Я забирался куда-нибудь на последнюю парту и, прячась за спиной «ее» учеников, слушал. Случалось, меня выдворяли из чужого класса в свой, где в это время шла география или черчение, бывали и какие-то другие причины, когда нельзя было проникнуть в класс к Валентине Петровне, тогда я стоял весь урок возле двери и ловил, действительно ловил, каждое слово. И я был не одинок в своих пристрастиях. Послушать ее приезжали даже из других, дальних, школ. Как теперь рассказать о ее уроках? Разведя руками, я говорю — не знаю. Это мир моих давних ощущений, мир моих далеких восприятий и чувств. Если она говорила о Пушкине или декабристах, то я уже много дней жил ими и мне снились «пушкинские» сны; если она говорила о Грибоедове, то сердце мое рвалось в Грузию, в Мтацминду, к печально-пронзительным строчкам на камне: «…но зачем пережила тебя любовь моя?!» — и каждая строка его «Горя» воспринималась не так, как прежде, и за строкою стоял Он, и любовь его, и его мысли и чувства, и грезы. И если она говорила о «Слове о полку Игореве» и читала его на память, то я заболевал «Словом», и перевода Майкова мне было недостаточно — часы и дни проводил я в городских библиотеках, с великим трудом проникал в читальню старого университета и разыскивал «Слово» в переводах Жуковского, Белинского, Мея.

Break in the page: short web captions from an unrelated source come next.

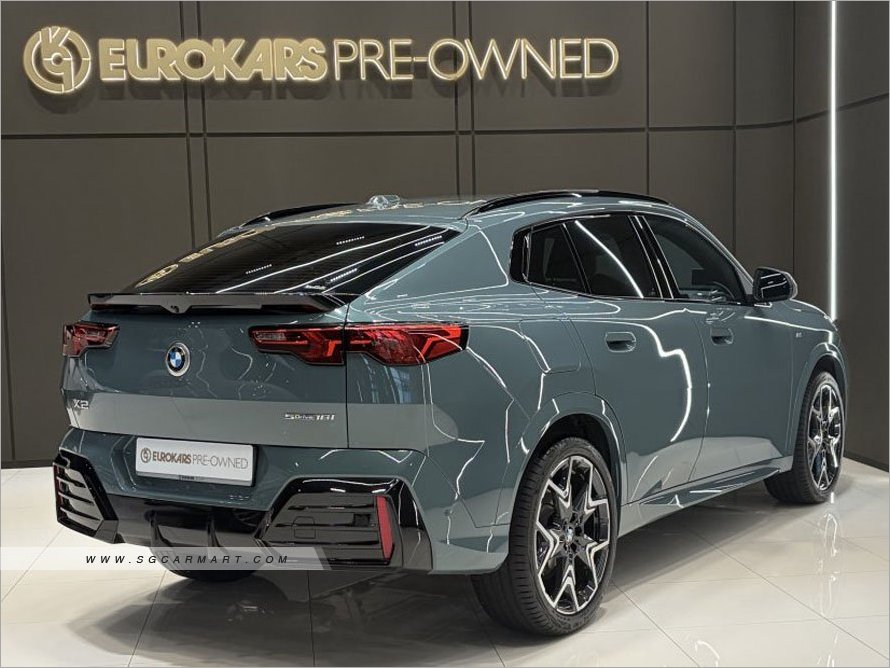 BMW X2 sDrive16i M-Sport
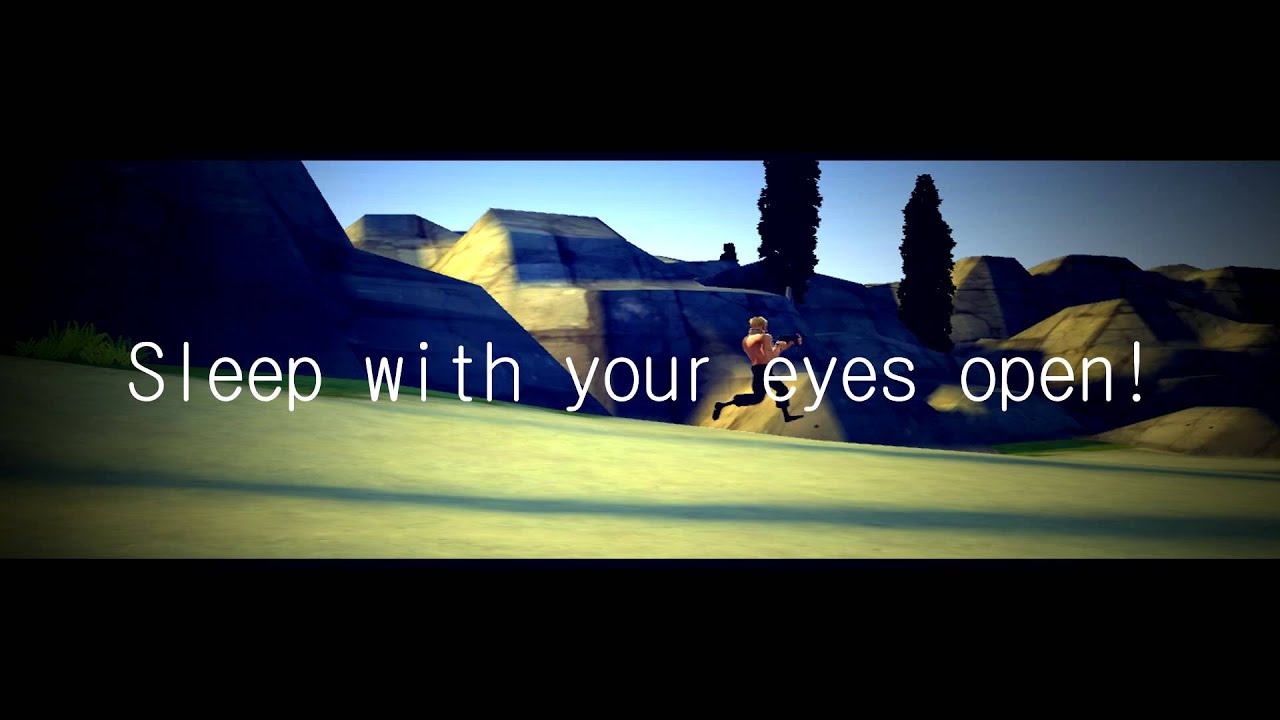Don't Blink! Clan Video Intro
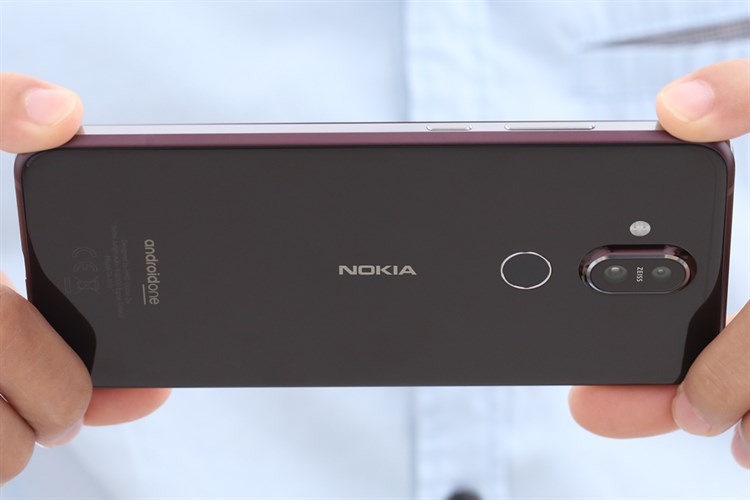 Điện thoại Nokia 8.1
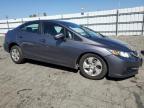 2015 Honda Civic Lx na sprzedaż w Colton, CA - All Over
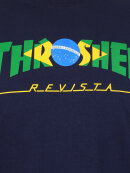 Thrasher - Thrasher - S/S T-Shirt Brazil Revista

А когда она говорила, что русскому человеку стыдно и непростительно плохо знать родной язык, что это противоестественно, то подобная «ущербность» вырастала в сознании моем до чудовищных размеров преступления.
Это было несколько раньше нашего выпуска. Весь класс, где Валентина Петровна была руководителем, получив аттестаты зрелости, отнес их в педагогический институт, на филфак. Даже Володя Альбокринов, — победитель всех городских математических олимпиад, даже Гера Макаровская, медалистка, лучшая ученица района, которой пророчили большое будущее в точных науках, даже моя сестра Людмила Знаменская, фаворит школьной драмстудии, которую не однажды приглашали в театральное училище без экзаменов. Весь класс — тридцать семь человек подали документы в педагогический институт. Валентину Петровну сразу же вызвали в какие-то высокие инстанции, сдержанно поблагодарили за труд, за усердие и намекнули, что стране нужны не только педагоги, но и инженеры, химики, физики, летчики и шахтеры. В ту пору только начинались пятидесятые годы. Мне думается, что теперь, в восьмидесятых, высокие инстанции ни на секунду не задумались бы, представляя дорогую мне, «чужую» учительницу на звание Героя Труда. Уверен, что ее ученики, за судьбами которых я наблюдал на расстоянии, думают так же. И Володя Альбокринов, ответственный работник, автор ряда учебников, брошюр и методик, и Гера Макаровская, профессор, доктор филологических наук, многие годы уже заведующая кафедрой советской литературы одного из старейших наших университетов, и сестра моя, в замужестве ставшая Пашаевой, полностью повторившая путь, судьбу Валентины Петровны, заслуженная учительница, о которой, случается, пишут в центральных и даже зарубежных газетах.